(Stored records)
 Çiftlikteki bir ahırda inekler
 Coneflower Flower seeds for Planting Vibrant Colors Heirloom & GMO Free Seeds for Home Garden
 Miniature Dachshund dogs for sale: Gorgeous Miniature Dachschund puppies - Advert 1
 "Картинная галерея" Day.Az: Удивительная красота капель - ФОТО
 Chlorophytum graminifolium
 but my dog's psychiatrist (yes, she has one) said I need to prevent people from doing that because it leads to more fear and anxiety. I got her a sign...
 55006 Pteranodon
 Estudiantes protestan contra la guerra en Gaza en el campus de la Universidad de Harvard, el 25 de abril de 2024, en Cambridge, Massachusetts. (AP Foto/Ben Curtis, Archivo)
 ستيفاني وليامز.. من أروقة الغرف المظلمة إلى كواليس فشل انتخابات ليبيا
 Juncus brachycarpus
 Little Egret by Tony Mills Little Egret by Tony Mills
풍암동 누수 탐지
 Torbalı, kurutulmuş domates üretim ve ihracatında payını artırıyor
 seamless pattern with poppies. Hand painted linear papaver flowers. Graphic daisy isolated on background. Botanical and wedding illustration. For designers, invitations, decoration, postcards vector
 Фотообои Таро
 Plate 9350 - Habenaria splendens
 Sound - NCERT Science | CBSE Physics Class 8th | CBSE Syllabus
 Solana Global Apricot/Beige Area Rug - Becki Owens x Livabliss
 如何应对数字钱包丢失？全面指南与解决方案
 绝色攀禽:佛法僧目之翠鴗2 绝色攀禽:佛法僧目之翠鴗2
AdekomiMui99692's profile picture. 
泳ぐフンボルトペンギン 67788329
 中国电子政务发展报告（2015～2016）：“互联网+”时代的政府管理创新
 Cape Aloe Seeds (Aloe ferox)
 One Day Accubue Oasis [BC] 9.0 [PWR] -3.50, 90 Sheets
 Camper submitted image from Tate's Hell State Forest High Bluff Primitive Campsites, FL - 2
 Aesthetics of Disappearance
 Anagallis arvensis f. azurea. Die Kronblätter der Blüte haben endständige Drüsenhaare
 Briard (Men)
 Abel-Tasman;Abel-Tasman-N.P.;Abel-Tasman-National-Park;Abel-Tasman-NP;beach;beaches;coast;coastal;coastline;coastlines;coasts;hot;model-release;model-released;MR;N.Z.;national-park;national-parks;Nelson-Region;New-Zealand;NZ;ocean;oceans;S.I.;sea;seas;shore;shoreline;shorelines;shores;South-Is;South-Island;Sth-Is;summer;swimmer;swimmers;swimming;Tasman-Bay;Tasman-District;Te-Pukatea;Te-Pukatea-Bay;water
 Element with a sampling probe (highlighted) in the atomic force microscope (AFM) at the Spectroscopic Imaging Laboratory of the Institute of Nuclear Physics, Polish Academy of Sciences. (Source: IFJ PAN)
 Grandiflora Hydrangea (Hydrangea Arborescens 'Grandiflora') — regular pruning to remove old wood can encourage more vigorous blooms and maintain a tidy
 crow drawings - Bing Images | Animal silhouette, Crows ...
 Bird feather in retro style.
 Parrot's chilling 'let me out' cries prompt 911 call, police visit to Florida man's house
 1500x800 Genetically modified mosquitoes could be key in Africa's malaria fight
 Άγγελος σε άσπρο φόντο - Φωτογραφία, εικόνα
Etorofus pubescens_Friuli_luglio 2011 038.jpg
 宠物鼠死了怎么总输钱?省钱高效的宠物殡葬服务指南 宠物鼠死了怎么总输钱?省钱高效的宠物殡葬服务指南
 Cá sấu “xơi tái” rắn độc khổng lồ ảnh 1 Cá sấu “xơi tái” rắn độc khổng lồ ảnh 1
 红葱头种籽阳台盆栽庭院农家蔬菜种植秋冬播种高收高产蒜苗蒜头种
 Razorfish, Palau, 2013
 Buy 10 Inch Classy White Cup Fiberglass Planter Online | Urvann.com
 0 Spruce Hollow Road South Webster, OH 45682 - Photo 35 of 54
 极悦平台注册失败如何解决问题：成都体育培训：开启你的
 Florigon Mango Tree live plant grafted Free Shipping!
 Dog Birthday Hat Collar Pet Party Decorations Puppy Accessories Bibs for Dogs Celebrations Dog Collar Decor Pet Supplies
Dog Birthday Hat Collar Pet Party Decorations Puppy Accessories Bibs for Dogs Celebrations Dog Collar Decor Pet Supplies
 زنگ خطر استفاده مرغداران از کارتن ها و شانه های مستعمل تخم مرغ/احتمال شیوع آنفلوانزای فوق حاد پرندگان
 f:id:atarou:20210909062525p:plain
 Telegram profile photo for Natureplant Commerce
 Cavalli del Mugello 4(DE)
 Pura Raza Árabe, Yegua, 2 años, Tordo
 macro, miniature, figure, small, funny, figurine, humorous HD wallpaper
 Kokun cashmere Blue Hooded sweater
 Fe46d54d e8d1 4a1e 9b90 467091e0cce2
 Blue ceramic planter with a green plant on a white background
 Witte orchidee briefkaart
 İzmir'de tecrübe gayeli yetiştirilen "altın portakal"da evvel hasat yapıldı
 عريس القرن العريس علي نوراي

▶ **EXERCISE OBJECTIVE**: Restate word for word the lines of the data above, starting at the line containing "如何应对数字钱包丢失？全面指南与解决方案" and ending at the line containing "One Day Accubue", both included, and nothing more.

▶ **OUTPUT OF THE EXERCISE**:
 如何应对数字钱包丢失？全面指南与解决方案
 绝色攀禽:佛法僧目之翠鴗2 绝色攀禽:佛法僧目之翠鴗2
AdekomiMui99692's profile picture. 
泳ぐフンボルトペンギン 67788329
 中国电子政务发展报告（2015～2016）：“互联网+”时代的政府管理创新
 Cape Aloe Seeds (Aloe ferox)
 One Day Accubue Oasis [BC] 9.0 [PWR] -3.50, 90 Sheets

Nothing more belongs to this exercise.